Le Brésil est internationalement connu pour être l’un des pays les plus dangereux au monde. Et quand on parle des favelas brésiliennes, on pense souvent à la violence, au haut taux d’homicides, ou encore aux liens avec les organisations de trafic de drogue, et on peut dès lors se demander si les habitants de ces quartiers sont protégés de cette violence ou s’ils en sont victimes ?

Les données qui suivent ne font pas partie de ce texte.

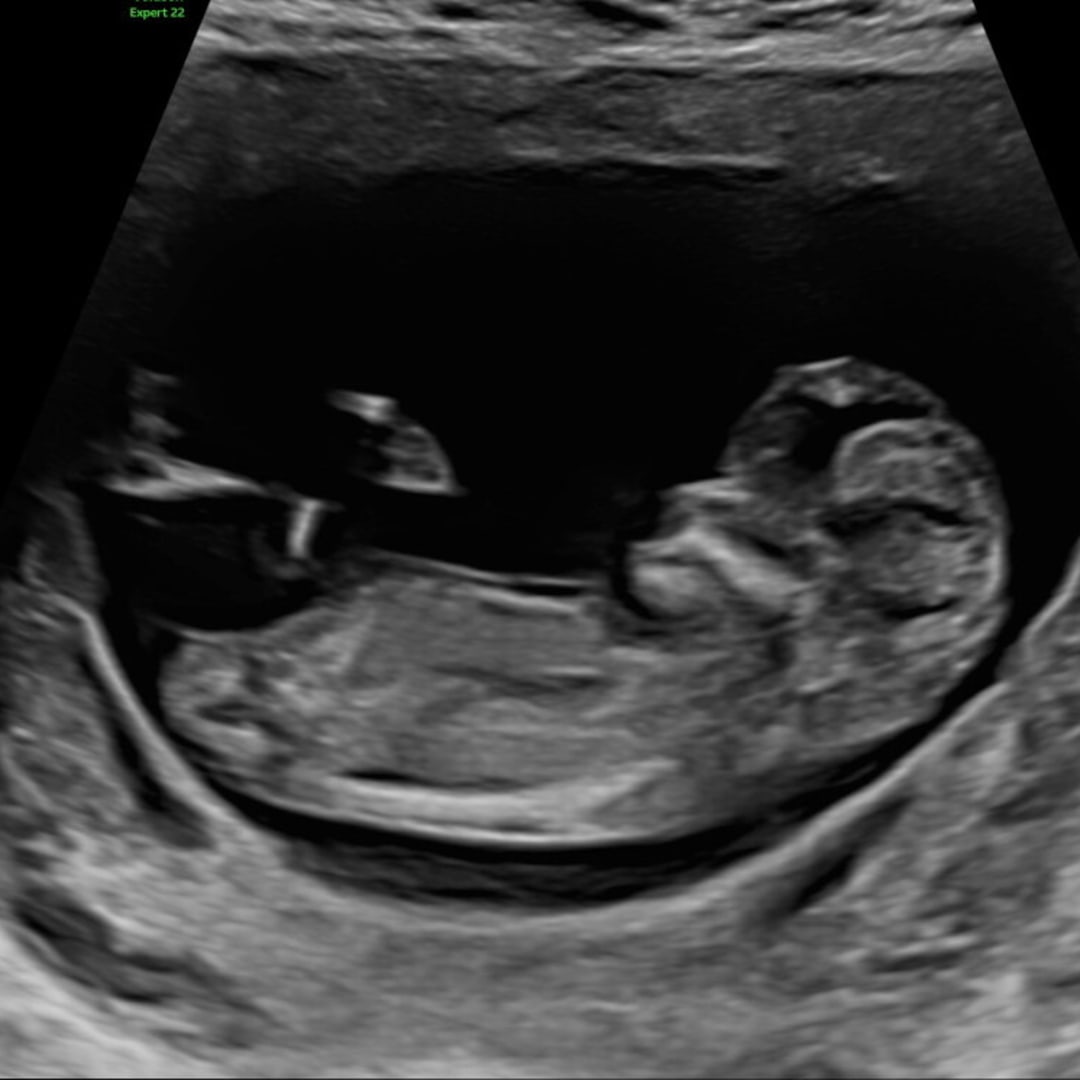 Photo shared by Alli for their Babylist baby registry.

Depuis les années 1960-1970, les favelas sont caractérisées dans les discours officiels comme étant des problèmes sociaux qui n’ont pas leur place dans les villes. Pour mettre fin à ce « problème social », l’État brésilien a assez vite déployé des opérations « anti-favelas » adoptant diverses mesures telles que l’interdiction de construire de nouvelles favelas, le déplacement de leurs habitants, ou encore la tentative d’amélioration des conditions de vie dans ces habitations. Au vu de l’inefficacité de ces actions, la résolution du problème des favelas s’est vue alors envisagée par le biais de politiques publiques de sécurité.1
Politique sécuritaire
Afin de cerner les enjeux de la politique sécuritaire au Brésil, une contextualisation du développement de celle-ci peut s’avérer utile. En 1964 a lieu un coup d’État et le président de l’époque, João Goulart, est destitué par l’armée, plongeant le pays dans une période de dictature militaire qui durera une vingtaine d’années. Pourtant, ce n’est qu’au début des années 2000 que la loi du silence régnant autour de cette époque est brisée et que l’accès aux archives est autorisé2. Durant le régime dictatorial, l’utilisation de la violence et de moyens extra-légaux mobilisés par la police étaient tolérés, et ce n’est pas le « retour à la norme démocratique » qui allait soudainement y mettre fin. Afin de continuer à légitimer l’utilisation de telles méthodes, le secteur de la sécurité brésilien s’est choisi un ennemi à combattre pour justifier le maintien de la doctrine militaire3.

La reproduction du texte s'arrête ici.